EXERCISE PROMPT:
Give the data below again exactly as written, without its pictures.

DATA EXCERPT:
◆ ◆ ◆ ◆ ◆ ◆ ◆
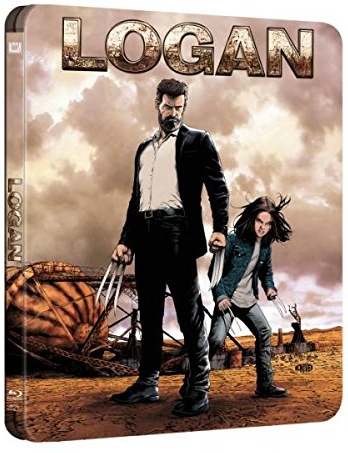 szczegóły Logan: Wolverine - Blu-ray Steelbook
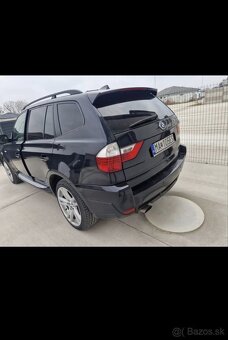 Bmw x3 - 4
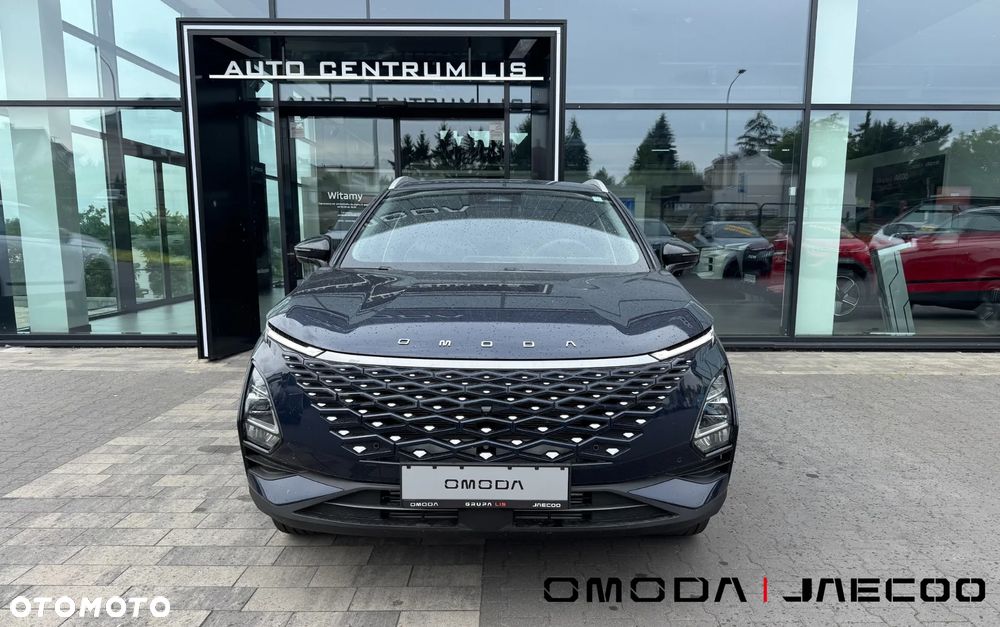 Omoda 5 1.6 T-GDI Premium DCT - 4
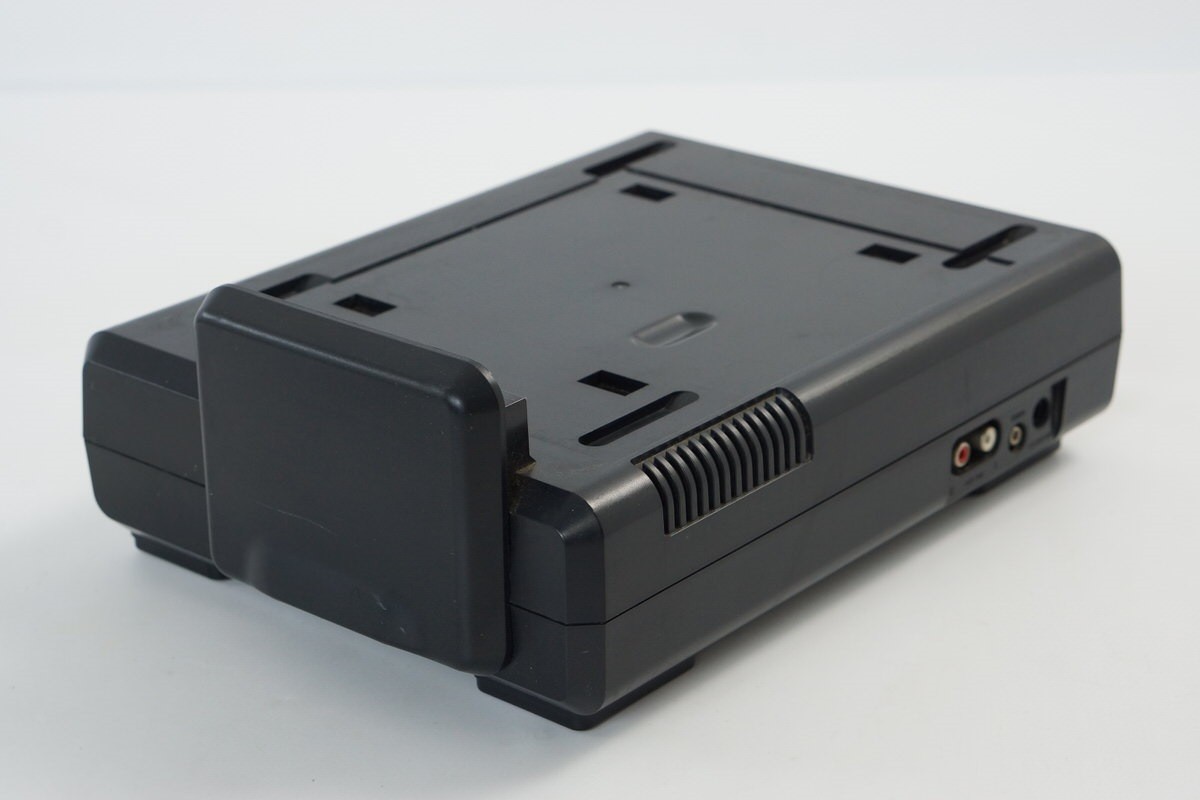 MEGA CD JUNK Console Not Working -Power on only- SEGA HAA-2910 A20150299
◆ ◆ ◆ ◆ ◆ ◆ ◆
TASK ANSWER:
 szczegóły Logan: Wolverine - Blu-ray Steelbook
 Bmw x3 - 4
 Omoda 5 1.6 T-GDI Premium DCT - 4
 MEGA CD JUNK Console Not Working -Power on only- SEGA HAA-2910 A20150299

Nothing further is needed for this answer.